Exercise instructions: Begin at the line with "São Paulo Imagem" and set down each line exactly until the listing ends. Images stay out.

+ + +

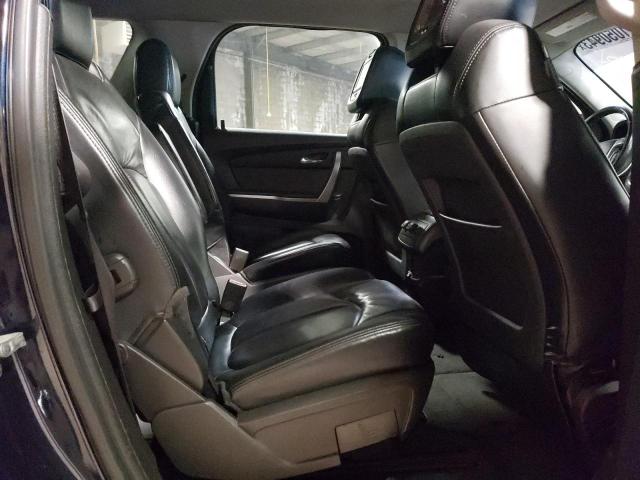 Photo 11 from auction – 2012 GMC ACADIA SLE with VIN 1GKKVPED4CJ184179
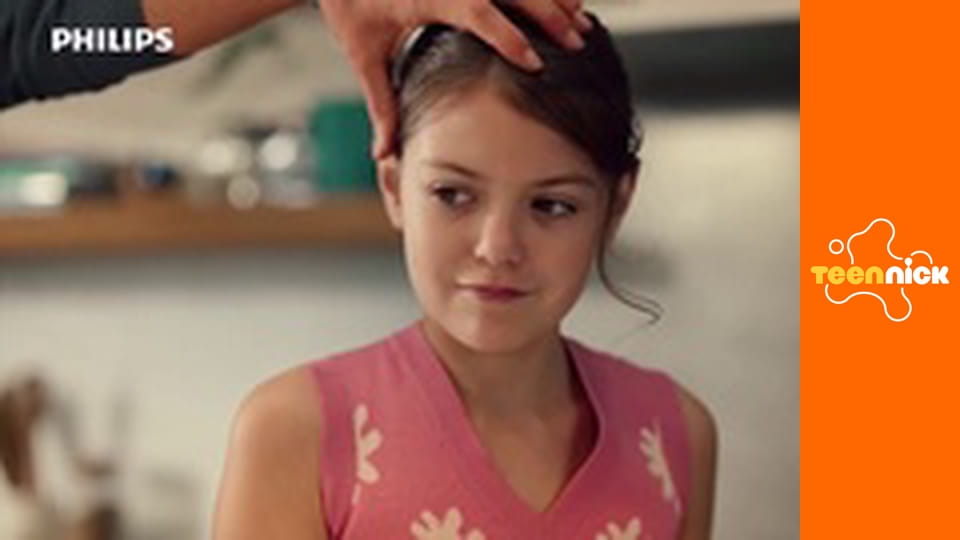 Sam i Cat S1E21 - Dzień "Jej!"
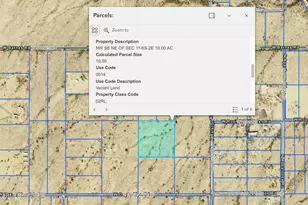 0 W Organ Pipe Ralston Rd, Maricopa, AZ 85139 - Photo 3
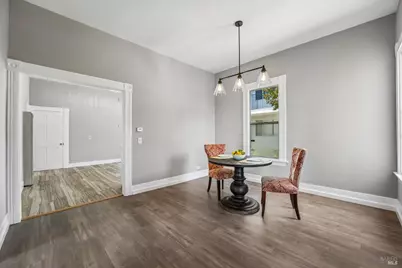 517 Branciforte Street, Vallejo, CA 94590 - Photo 11
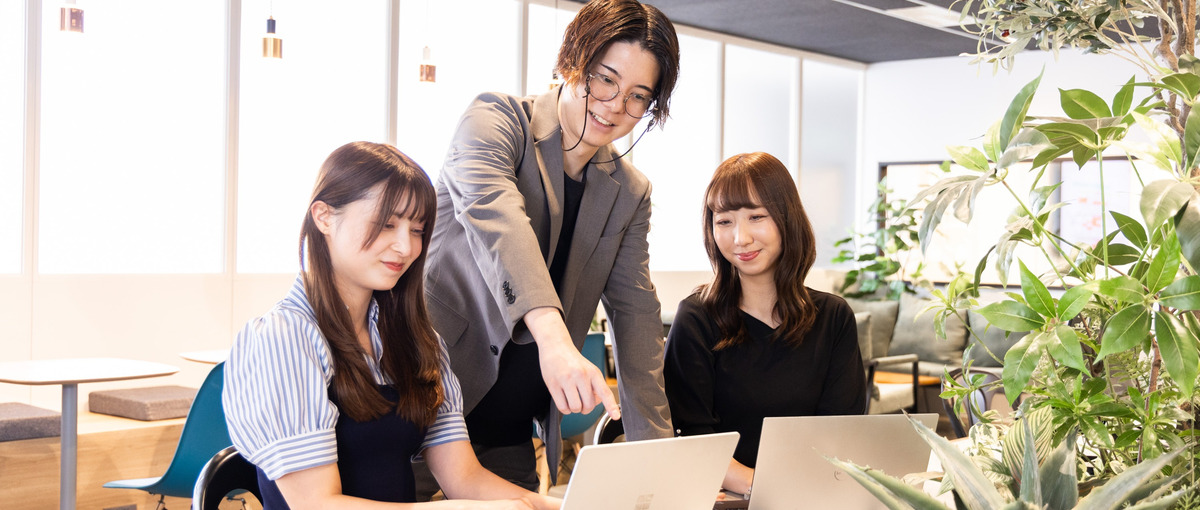 システム開発、WEBアプリ開発、スマホアプリ開発エンジニア募集！！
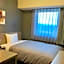 Hotel Route Inn Seki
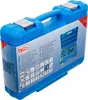 BGS technic Socket Set 12-point, 4414 mm, 4,41 kg Náhľad obrázku produktu 6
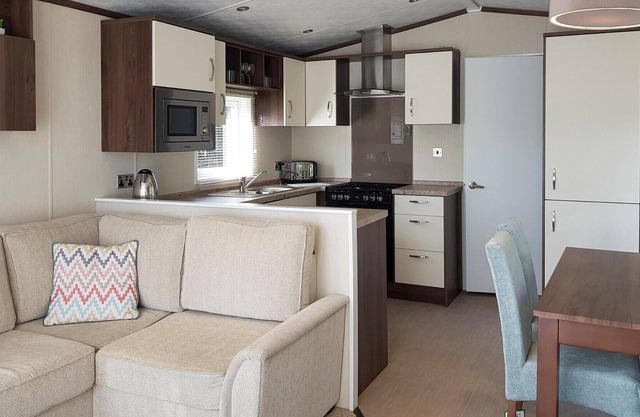 2 bedroom accommodation in St Austell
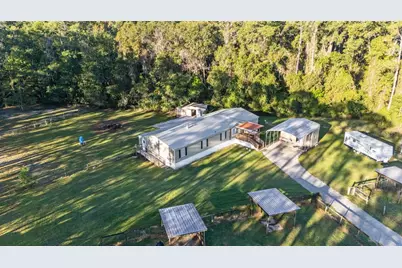 12444 N US Highway 27, Ocala, FL 34482 - Photo 79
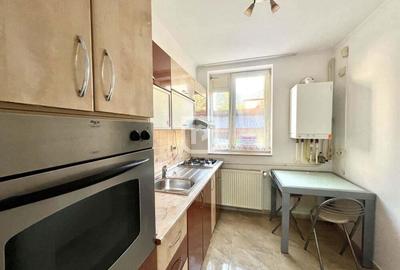 Apartament/Spatiu Comercial B Bucovina | E58 | 50 mp | Gura Humorului - 4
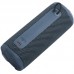 ALTAVOCES JBL GRIP BL ALTAVOCES JBL GRIP BL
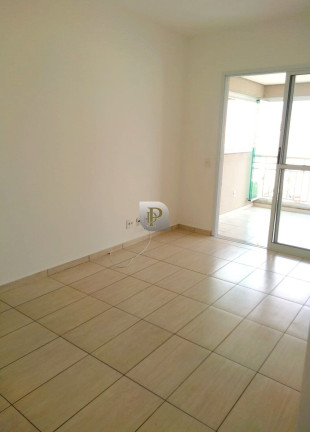 Imagem Apartamento com 2 Quartos à Venda, 57 m² em Barra Funda - São Paulo Imagem Apartamento com 2 Quartos à Venda, 57 m² em Barra Funda - São Paulo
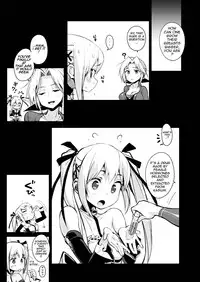 [Entelekheia (Chirumakuro)] Marie Nipple R (Dead Or Alive) [English] [pundeiu] [Digital]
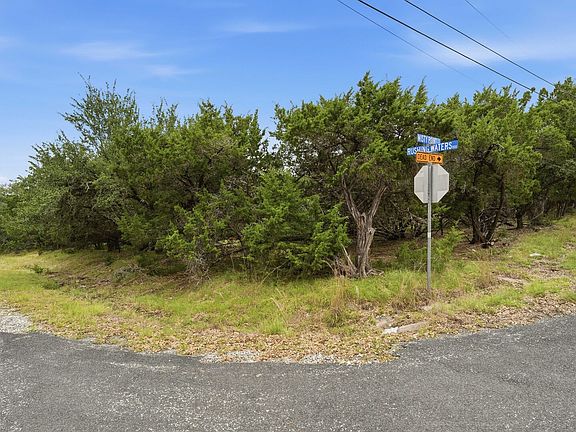 3rd image of 26214 MISTY PT LOT 35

+ + +

Reply to the task:
 Imagem Apartamento com 2 Quartos à Venda, 57 m² em Barra Funda - São Paulo Imagem Apartamento com 2 Quartos à Venda, 57 m² em Barra Funda - São Paulo
 [Entelekheia (Chirumakuro)] Marie Nipple R (Dead Or Alive) [English] [pundeiu] [Digital]
 3rd image of 26214 MISTY PT LOT 35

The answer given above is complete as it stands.